Detection Methods for CVE-2025-50182
Indicators of Compromise
- Unexpected redirect chains in applications running urllib3 within Pyodide environments
- HTTP traffic showing redirects to external domains when application logic should prevent such behavior
- User reports of being redirected to unexpected or suspicious websites
- Authentication tokens or sensitive parameters appearing in redirect destination logs
Detection Strategies
- Review application dependencies to identify urllib3 versions between 2.2.0 and 2.4.x used in Pyodide contexts
- Audit code for urllib3 usage patterns that rely on redirect or retries parameters in browser/Node.js deployments
- Implement network monitoring to detect unexpected redirect behavior from Pyodide-based applications
- Test redirect control functionality explicitly in Pyodide environments to verify expected behavior
Monitoring Recommendations
- Monitor HTTP request logs for redirect chains that exceed expected limits
- Implement alerting for requests that redirect to domains outside an approved list
- Track urllib3 version usage across Pyodide deployments through dependency scanning
- Review client-side application behavior for signs of uncontrolled redirects
How to Mitigate CVE-2025-50182
Immediate Actions Required
- Upgrade urllib3 to version 2.5.0 or later immediately for all Pyodide-based deployments
- Audit applications using urllib3 in Pyodide to identify where redirect controls were expected to function
- Implement server-side redirect validation as an additional defense layer
- Review application logic to ensure no security-critical operations depend solely on urllib3 redirect controls in Pyodide
Patch Information
The urllib3 maintainers have addressed this vulnerability in version 2.5.0. The fix ensures that redirect control parameters are properly honored when urllib3 operates within Pyodide environments.
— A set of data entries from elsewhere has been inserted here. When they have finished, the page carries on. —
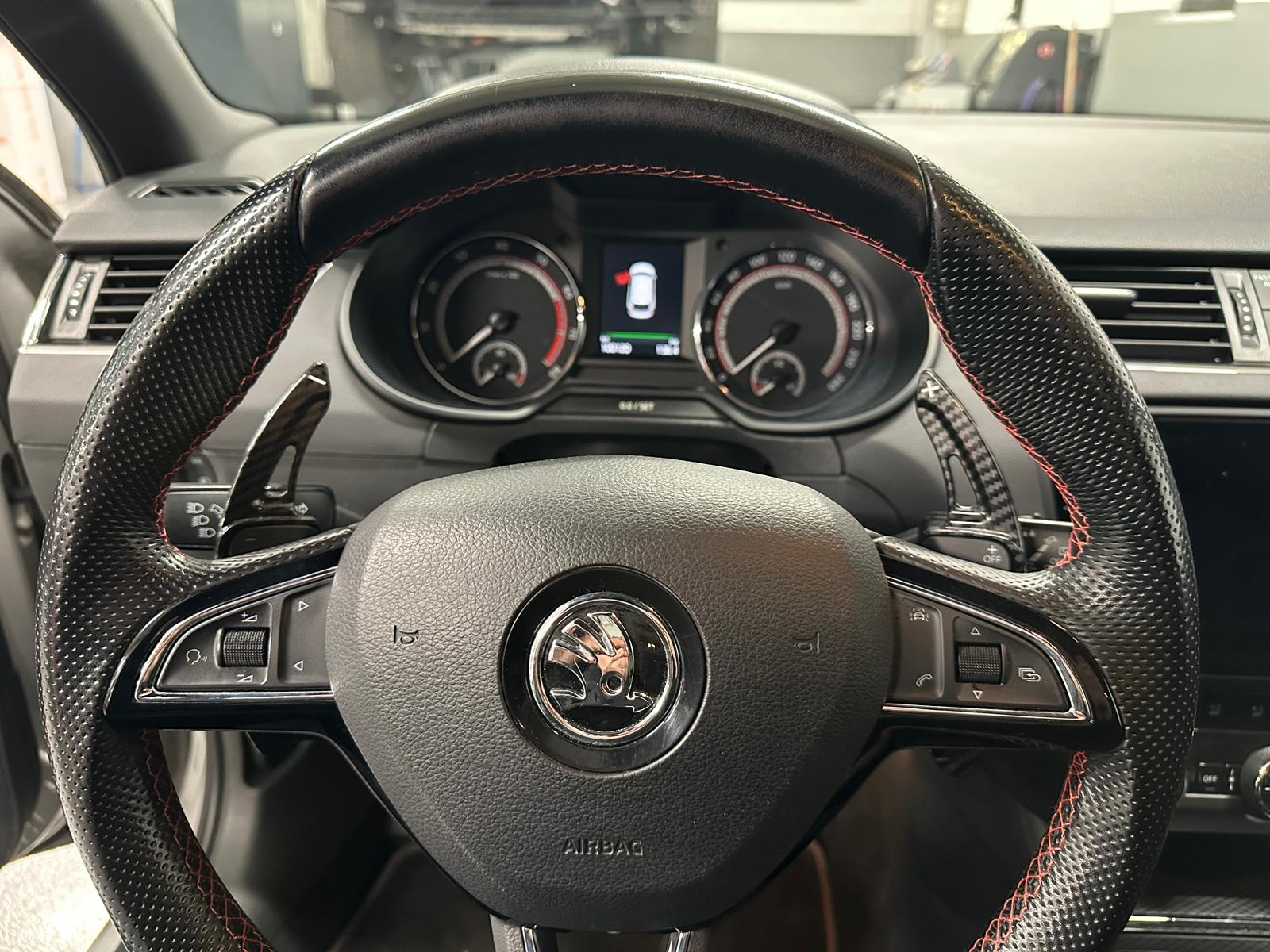 SKODA Octavia Combi 2.0 TSI RS DSG-image-6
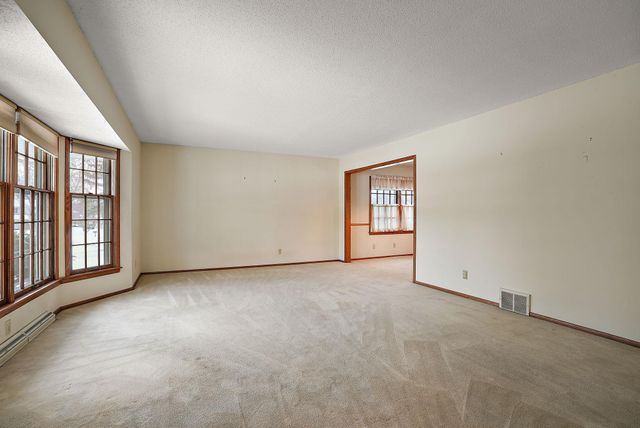 3221 Ensign Avenue N, New Hope, MN 55427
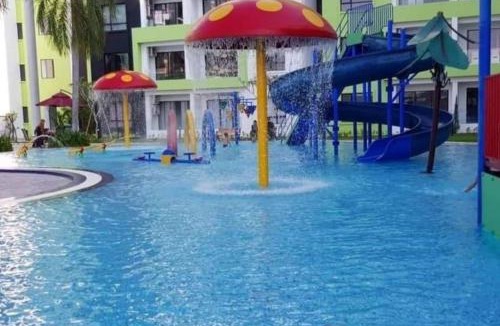 Kampung Kuala Pari Apartment | Fun GFloor Poolside Waterpark Manhattan Ipoh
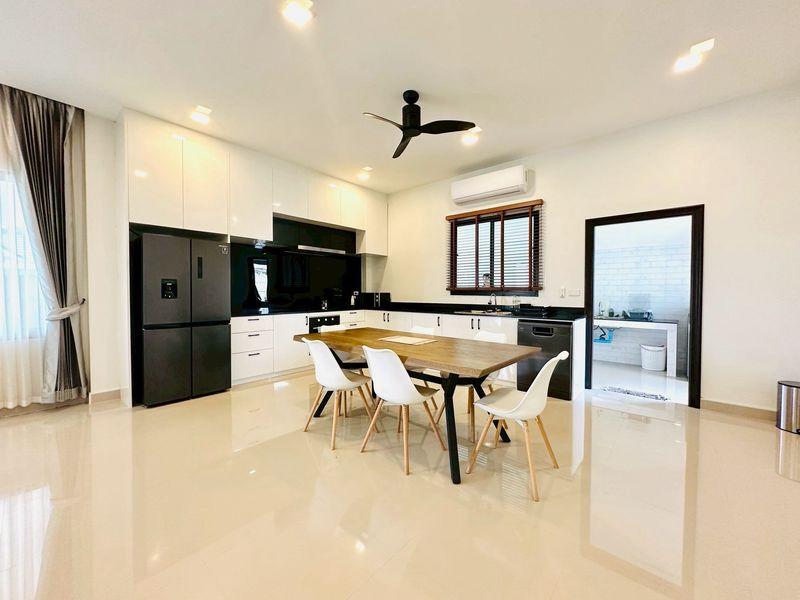 บ้านสวยตกแต่งพร้อมอยู่ บ้านเดี่ยวพร้อมสระว่ายน้ำส่วนตัว โป่งมาบประชัน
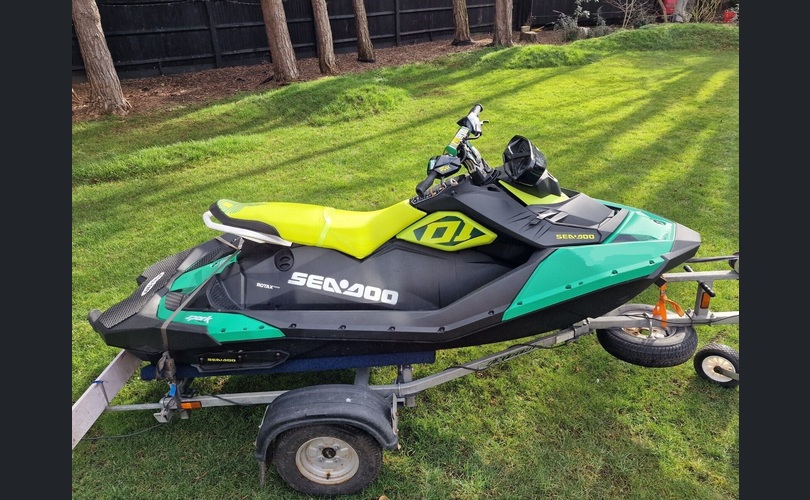 Sea-Doo Spark Trixx 3UP 90 HP-kuva-4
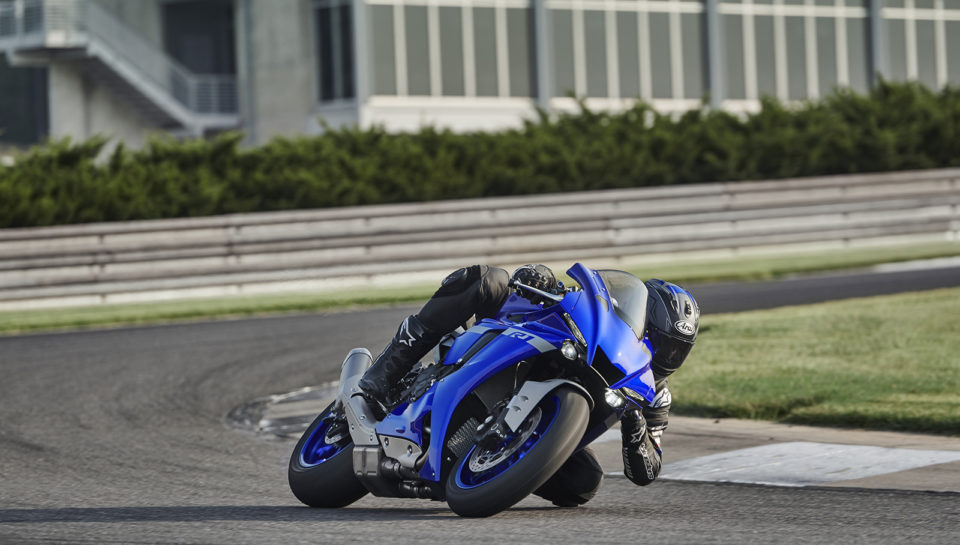 2020_YAM_YZF1000R1_EU_DPBMC_ACT_008-70523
Organizations should upgrade to version 2.5.0 or later to remediate this vulnerability.
For detailed information about the fix, refer to the GitHub Security Advisory GHSA-48p4-8xcf-vxj5 and the urllib3 2.5.0 Release Notes.
Workarounds
- Implement application-level URL validation before making requests to prevent redirects to untrusted domains
- Use Content Security Policy (CSP) headers to restrict navigation to approved origins
- Avoid passing sensitive data in URL parameters where redirect leakage could expose credentials
- Consider implementing a server-side proxy for HTTP requests if Pyodide-based redirect control is critical to security
# Upgrade urllib3 to patched version
pip install --upgrade "urllib3>=2.5.0"
# Verify installed version
pip show urllib3 | grep Version
Disclaimer: This content was generated using AI. While we strive for accuracy, please verify critical information with official sources.